EXERCISE
In exact form, please repeat the records from their opening line down to the line with "Male worker holding", including that line.
[Opening GIVEN INFORMATION section]
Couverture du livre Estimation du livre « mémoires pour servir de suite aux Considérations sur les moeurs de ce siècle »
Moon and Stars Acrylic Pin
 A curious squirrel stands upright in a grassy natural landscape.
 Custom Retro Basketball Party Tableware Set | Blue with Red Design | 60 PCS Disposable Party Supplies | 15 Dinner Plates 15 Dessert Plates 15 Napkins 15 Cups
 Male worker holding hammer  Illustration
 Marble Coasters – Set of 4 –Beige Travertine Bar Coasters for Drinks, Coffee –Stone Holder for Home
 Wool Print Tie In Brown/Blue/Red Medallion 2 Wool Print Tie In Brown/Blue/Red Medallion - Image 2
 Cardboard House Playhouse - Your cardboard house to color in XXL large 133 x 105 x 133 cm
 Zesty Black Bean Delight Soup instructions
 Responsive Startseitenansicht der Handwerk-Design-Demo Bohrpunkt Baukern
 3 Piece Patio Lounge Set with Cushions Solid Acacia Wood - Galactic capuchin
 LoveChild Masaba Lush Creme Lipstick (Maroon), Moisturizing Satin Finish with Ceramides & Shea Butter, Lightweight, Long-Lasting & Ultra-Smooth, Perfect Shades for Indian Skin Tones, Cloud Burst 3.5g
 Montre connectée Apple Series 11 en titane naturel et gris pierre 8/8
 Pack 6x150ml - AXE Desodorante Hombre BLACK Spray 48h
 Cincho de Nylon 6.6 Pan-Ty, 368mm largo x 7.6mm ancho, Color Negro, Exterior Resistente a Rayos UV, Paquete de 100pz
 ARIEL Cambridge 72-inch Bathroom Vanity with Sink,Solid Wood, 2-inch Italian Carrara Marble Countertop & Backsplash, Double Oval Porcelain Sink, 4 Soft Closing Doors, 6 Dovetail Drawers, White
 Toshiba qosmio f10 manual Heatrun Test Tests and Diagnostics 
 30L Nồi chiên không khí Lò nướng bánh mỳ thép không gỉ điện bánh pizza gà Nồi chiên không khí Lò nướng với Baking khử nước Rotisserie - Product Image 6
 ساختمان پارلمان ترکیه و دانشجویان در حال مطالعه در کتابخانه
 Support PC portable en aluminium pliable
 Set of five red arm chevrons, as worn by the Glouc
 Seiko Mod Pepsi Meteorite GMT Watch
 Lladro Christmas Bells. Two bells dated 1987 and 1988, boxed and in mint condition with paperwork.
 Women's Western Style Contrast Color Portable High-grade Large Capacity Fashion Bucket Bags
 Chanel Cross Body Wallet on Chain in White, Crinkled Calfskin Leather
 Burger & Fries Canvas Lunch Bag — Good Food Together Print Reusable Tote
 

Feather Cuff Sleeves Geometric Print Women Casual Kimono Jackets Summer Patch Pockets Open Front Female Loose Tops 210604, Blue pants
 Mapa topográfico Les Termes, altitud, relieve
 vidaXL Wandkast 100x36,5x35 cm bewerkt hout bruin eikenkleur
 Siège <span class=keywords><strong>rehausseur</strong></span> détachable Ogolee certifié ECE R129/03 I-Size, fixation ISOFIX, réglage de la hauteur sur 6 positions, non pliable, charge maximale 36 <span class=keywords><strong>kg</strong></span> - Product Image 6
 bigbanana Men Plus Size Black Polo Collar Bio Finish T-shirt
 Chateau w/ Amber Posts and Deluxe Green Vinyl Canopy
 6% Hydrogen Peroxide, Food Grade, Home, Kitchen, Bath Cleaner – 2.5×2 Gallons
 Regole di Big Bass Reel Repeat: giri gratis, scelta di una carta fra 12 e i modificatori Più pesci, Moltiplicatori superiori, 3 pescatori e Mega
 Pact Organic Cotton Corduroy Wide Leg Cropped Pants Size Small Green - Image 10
[Closing GIVEN INFORMATION section]
RESPONSE TO THIS EXERCISE
Couverture du livre Estimation du livre « mémoires pour servir de suite aux Considérations sur les moeurs de ce siècle »
Moon and Stars Acrylic Pin
 A curious squirrel stands upright in a grassy natural landscape.
 Custom Retro Basketball Party Tableware Set | Blue with Red Design | 60 PCS Disposable Party Supplies | 15 Dinner Plates 15 Dessert Plates 15 Napkins 15 Cups
 Male worker holding hammer  Illustration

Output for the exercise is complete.